__Task requirements__
Reproduce, word for word, the lines in the material below starting with the one that has "シックで落ち着いたデザインなのでリゾートインテリアとしておすすめ" and going on through the one that has "Your Home - Spacious". Leave out all pictures.

__Material for this exercise__
◆ ◆ ◆
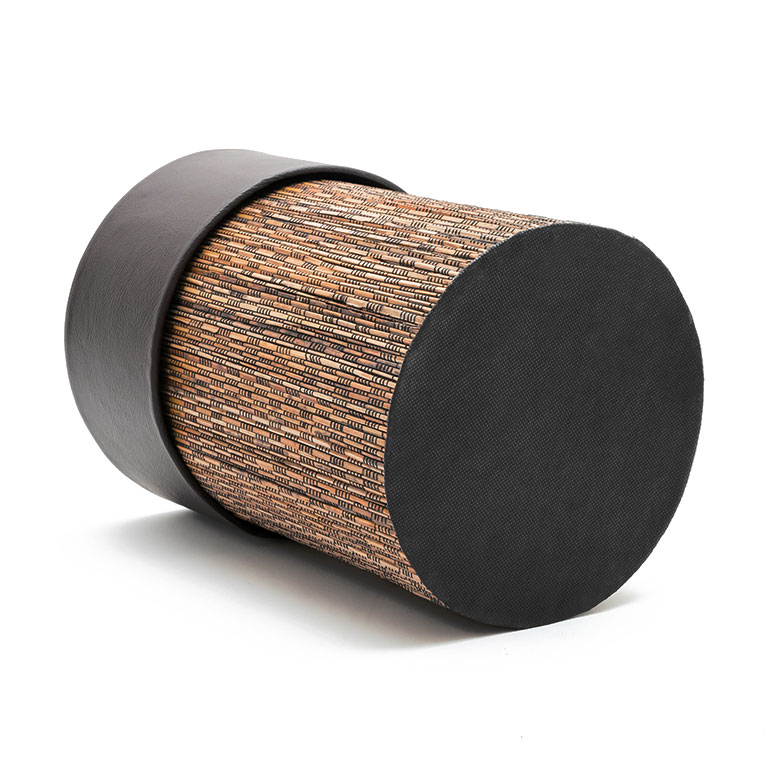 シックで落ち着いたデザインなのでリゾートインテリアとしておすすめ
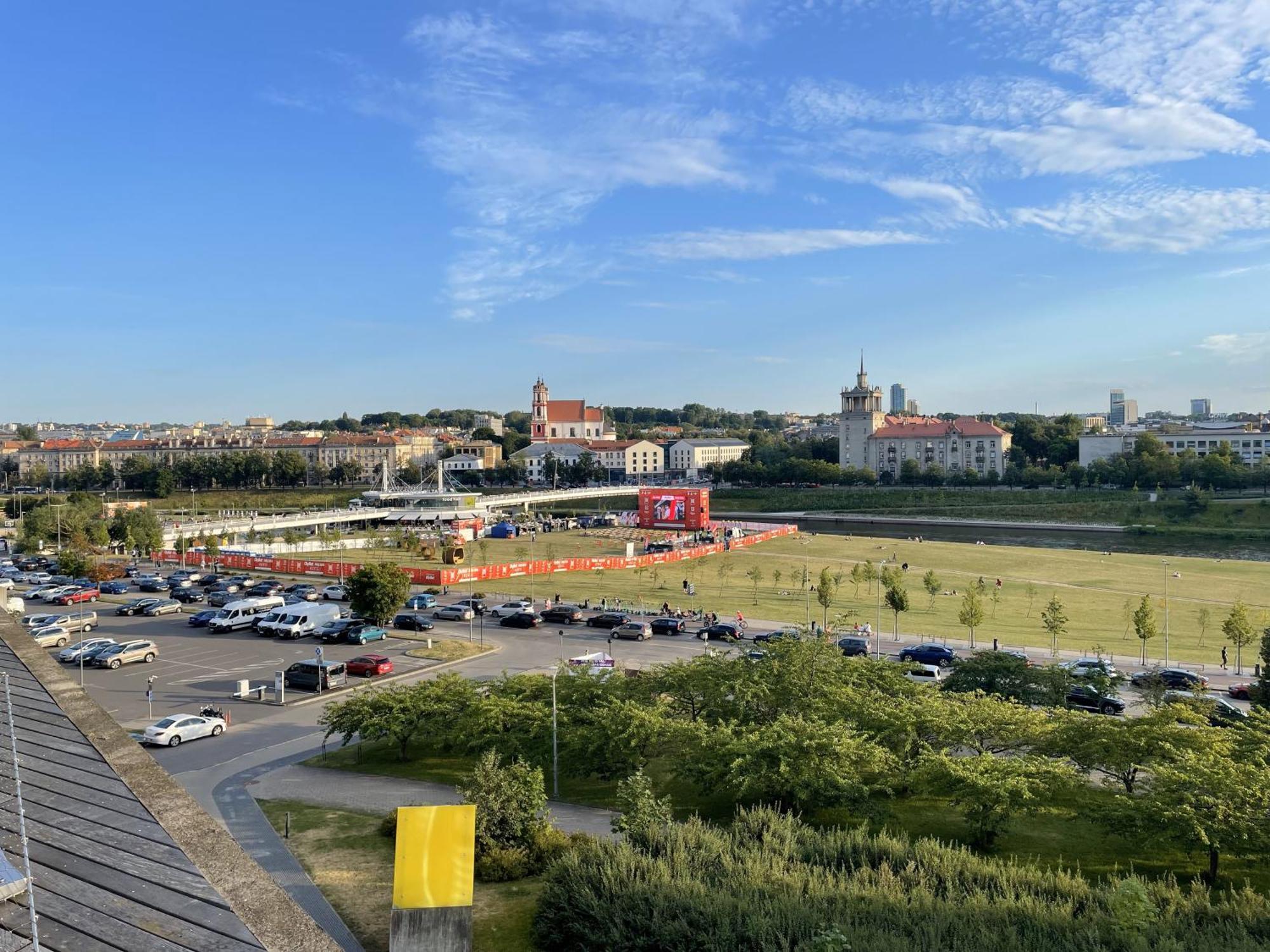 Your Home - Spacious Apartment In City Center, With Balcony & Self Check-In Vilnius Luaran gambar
◆ ◆ ◆
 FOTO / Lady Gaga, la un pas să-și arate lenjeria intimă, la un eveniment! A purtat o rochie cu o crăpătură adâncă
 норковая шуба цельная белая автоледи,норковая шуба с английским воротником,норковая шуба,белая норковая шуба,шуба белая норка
◆ ◆ ◆
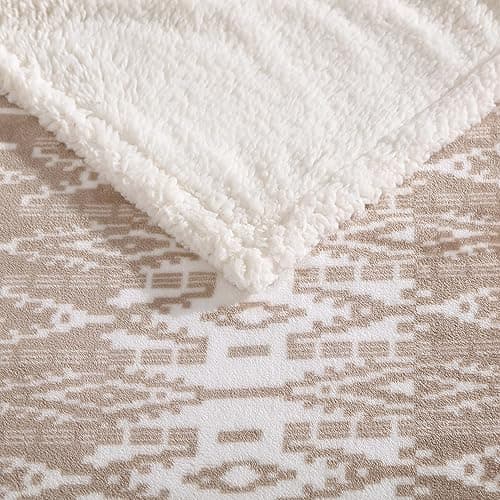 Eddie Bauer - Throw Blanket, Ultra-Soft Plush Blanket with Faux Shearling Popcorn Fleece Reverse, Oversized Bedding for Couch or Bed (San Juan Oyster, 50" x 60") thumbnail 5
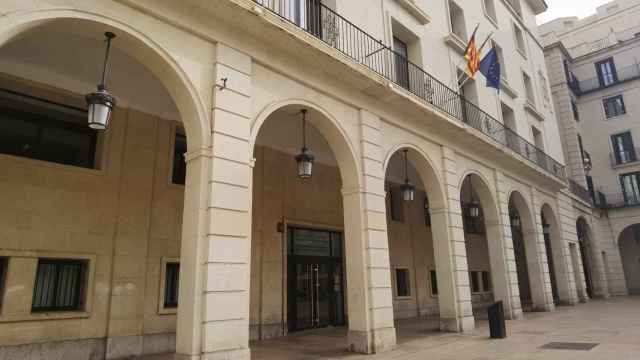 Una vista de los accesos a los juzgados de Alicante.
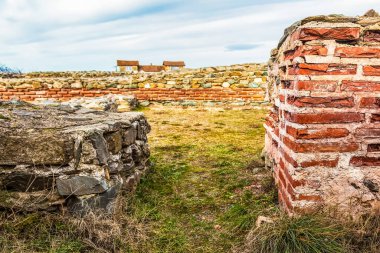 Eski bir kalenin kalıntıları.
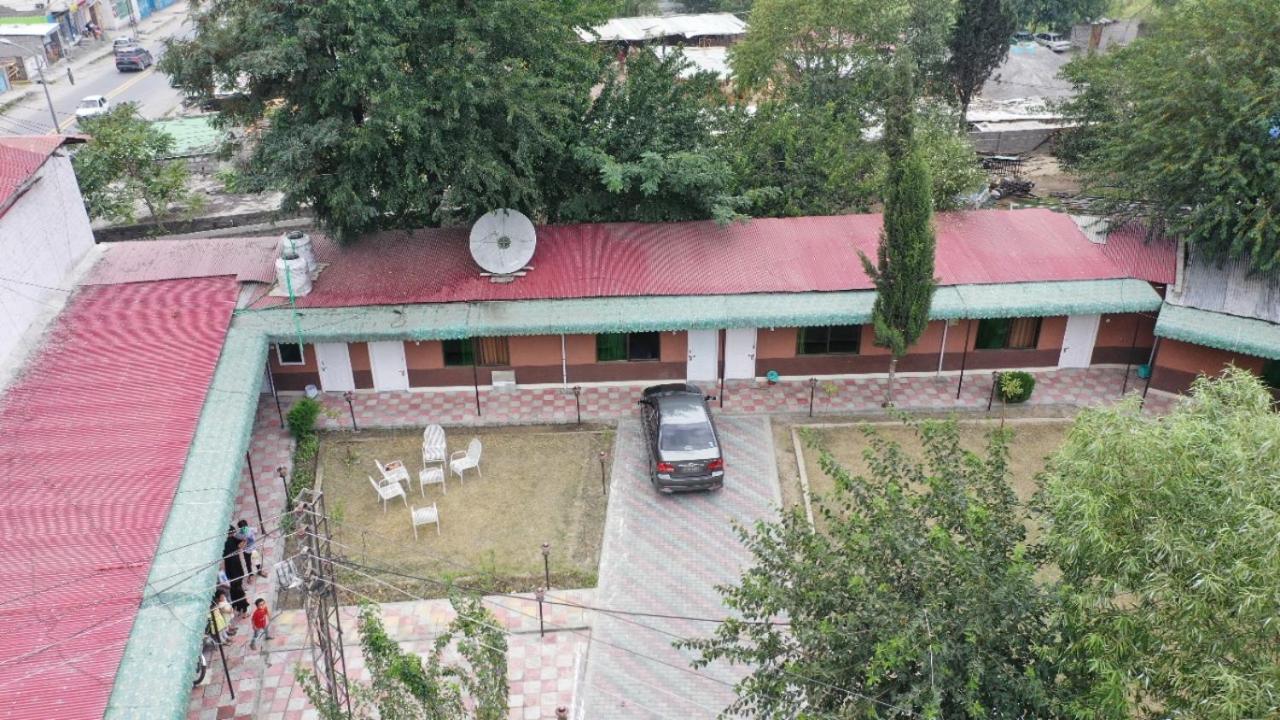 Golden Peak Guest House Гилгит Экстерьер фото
◆ ◆ ◆
__Result of the exercise__
 シックで落ち着いたデザインなのでリゾートインテリアとしておすすめ
 Your Home - Spacious Apartment In City Center, With Balcony & Self Check-In Vilnius Luaran gambar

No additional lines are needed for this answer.